What is required:
From the entries that follow, copy exactly the lines beginning at the line holding "Screamin Jay Hawkins Pillow" and continuing through the line holding "تصویر Logitech USB".

Data to use:
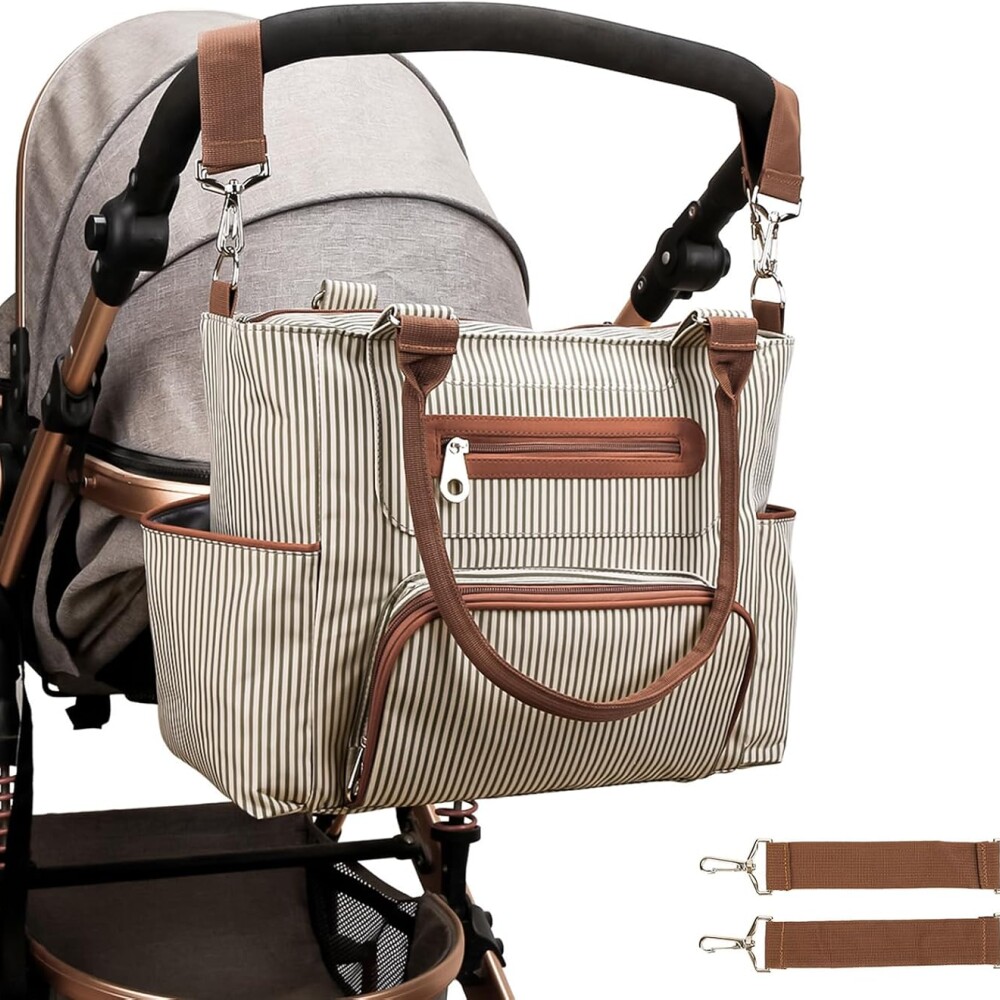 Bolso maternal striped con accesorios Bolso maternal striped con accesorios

---

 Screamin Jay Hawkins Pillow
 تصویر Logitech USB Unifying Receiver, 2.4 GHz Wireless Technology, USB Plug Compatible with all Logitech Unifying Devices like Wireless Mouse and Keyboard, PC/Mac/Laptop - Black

==

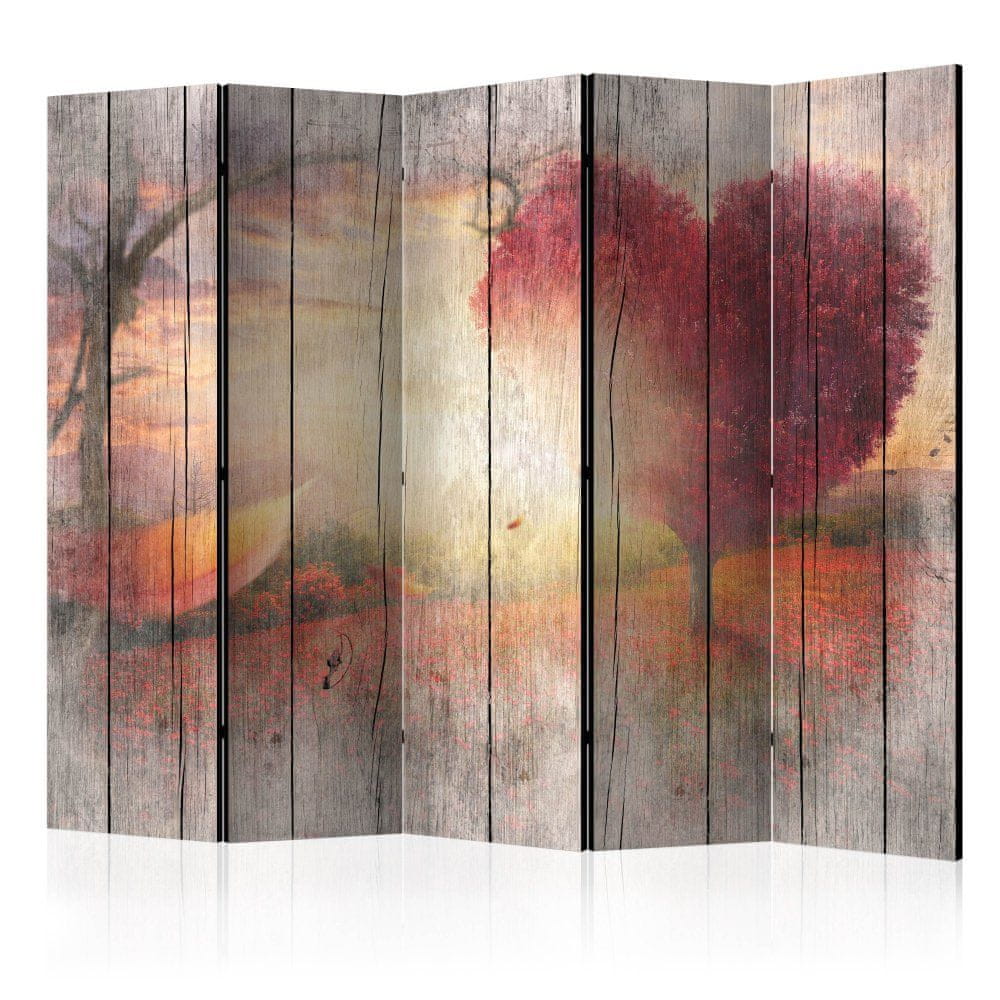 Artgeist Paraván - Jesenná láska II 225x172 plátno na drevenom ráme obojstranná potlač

Task solution:
 Screamin Jay Hawkins Pillow
 تصویر Logitech USB Unifying Receiver, 2.4 GHz Wireless Technology, USB Plug Compatible with all Logitech Unifying Devices like Wireless Mouse and Keyboard, PC/Mac/Laptop - Black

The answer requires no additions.